→ **What this task involves**:
Check each line of the entries. Copy the ones that contain the string "Poster".

→ **Exercise input**:
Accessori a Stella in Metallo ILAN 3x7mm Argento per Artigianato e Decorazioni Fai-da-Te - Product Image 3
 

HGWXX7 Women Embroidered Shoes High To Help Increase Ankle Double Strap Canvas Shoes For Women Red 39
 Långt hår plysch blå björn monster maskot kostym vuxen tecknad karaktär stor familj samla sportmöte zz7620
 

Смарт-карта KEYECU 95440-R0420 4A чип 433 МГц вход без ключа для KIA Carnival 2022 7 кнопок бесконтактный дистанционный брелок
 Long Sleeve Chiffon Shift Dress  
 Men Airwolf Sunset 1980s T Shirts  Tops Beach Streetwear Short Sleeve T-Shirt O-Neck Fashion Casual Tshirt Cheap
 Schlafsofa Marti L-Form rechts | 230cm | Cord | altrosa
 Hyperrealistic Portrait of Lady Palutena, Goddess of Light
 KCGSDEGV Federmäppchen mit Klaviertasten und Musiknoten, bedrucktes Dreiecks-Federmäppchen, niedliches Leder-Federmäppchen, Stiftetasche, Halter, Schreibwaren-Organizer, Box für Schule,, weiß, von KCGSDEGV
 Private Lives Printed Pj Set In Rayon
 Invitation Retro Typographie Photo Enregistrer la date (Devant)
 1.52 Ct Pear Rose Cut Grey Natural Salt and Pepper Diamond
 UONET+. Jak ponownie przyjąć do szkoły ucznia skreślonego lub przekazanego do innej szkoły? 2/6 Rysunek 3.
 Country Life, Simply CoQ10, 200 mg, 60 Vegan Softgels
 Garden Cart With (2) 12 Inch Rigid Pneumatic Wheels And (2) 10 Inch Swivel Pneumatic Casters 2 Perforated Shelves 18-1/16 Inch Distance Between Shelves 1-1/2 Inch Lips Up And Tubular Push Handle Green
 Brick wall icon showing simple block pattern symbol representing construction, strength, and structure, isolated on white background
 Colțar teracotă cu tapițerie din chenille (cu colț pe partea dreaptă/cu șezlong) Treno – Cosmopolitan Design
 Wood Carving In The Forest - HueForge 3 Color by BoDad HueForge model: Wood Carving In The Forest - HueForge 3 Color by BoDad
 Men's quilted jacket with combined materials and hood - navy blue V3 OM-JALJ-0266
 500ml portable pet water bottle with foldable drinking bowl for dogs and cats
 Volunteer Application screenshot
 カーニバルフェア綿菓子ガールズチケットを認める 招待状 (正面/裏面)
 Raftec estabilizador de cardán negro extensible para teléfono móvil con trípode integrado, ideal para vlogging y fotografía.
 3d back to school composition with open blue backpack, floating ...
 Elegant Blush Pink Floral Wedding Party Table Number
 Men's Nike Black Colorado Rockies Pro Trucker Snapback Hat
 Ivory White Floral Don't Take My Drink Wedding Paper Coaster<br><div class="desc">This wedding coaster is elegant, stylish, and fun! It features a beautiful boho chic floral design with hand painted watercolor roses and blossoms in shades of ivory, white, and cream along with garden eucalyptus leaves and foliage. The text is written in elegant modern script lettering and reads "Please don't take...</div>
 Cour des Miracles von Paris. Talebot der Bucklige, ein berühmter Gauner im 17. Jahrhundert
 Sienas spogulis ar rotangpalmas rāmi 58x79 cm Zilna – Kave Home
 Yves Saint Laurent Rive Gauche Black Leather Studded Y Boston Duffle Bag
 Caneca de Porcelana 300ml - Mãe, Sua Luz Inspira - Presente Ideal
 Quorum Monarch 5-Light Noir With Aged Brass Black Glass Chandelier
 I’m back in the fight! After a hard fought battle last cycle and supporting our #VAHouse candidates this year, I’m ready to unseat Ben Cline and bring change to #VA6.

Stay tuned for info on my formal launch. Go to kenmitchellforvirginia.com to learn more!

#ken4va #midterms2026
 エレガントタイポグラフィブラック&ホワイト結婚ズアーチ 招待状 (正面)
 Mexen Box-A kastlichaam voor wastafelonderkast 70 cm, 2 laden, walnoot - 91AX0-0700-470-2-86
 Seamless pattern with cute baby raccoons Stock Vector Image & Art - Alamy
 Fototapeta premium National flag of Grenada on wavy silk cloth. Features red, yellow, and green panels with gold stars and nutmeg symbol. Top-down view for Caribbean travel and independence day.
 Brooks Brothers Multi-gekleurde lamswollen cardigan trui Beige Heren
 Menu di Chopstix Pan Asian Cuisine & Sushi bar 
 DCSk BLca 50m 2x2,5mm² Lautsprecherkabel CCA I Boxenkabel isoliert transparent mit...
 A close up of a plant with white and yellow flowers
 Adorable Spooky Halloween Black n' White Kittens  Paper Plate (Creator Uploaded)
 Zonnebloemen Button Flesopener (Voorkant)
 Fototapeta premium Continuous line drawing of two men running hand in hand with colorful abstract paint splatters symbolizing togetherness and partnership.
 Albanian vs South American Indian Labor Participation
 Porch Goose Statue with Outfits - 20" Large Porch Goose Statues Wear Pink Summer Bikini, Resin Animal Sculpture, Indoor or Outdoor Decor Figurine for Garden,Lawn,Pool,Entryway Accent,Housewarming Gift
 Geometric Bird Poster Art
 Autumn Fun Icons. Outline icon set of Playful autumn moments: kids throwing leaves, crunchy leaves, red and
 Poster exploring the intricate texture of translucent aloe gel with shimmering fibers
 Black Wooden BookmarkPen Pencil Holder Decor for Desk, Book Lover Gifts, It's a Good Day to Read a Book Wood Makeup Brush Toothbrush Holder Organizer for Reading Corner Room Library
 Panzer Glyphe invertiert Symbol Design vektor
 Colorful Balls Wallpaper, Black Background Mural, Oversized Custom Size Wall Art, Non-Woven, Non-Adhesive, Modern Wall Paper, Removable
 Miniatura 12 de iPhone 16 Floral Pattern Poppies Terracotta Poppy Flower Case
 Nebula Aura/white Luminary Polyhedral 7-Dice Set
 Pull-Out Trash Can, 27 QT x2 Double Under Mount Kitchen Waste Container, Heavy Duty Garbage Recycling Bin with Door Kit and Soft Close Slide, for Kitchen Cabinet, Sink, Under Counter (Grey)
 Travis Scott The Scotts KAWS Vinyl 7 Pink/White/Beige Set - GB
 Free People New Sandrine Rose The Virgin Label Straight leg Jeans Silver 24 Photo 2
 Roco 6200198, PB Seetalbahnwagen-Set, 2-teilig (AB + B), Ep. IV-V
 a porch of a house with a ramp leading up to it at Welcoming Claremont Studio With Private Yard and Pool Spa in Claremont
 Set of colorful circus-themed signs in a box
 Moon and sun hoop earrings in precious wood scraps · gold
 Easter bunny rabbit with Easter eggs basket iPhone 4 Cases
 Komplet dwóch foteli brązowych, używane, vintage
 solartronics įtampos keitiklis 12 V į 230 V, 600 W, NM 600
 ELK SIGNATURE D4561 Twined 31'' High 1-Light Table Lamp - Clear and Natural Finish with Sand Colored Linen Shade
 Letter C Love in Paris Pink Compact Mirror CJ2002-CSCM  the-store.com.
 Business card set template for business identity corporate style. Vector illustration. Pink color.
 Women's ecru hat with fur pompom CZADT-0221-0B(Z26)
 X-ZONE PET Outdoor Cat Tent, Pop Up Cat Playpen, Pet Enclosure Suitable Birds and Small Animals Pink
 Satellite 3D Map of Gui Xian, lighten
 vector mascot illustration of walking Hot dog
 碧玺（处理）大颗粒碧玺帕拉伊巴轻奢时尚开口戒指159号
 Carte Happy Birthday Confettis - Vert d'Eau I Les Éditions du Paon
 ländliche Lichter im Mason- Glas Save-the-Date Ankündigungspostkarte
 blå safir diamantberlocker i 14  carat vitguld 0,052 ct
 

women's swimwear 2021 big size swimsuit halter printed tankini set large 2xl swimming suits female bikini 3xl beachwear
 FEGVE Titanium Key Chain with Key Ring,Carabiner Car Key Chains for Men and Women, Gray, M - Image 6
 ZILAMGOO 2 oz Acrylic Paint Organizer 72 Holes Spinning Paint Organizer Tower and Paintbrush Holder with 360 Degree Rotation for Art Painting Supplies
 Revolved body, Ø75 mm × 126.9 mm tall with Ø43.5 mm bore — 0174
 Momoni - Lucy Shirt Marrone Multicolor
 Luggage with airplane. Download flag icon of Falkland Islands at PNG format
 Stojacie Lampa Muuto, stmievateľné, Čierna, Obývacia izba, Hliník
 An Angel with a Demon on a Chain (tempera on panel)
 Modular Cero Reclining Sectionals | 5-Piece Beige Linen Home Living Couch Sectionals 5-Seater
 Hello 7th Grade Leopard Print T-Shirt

→ **Result of the task**:
 Geometric Bird Poster Art
 Poster exploring the intricate texture of translucent aloe gel with shimmering fibers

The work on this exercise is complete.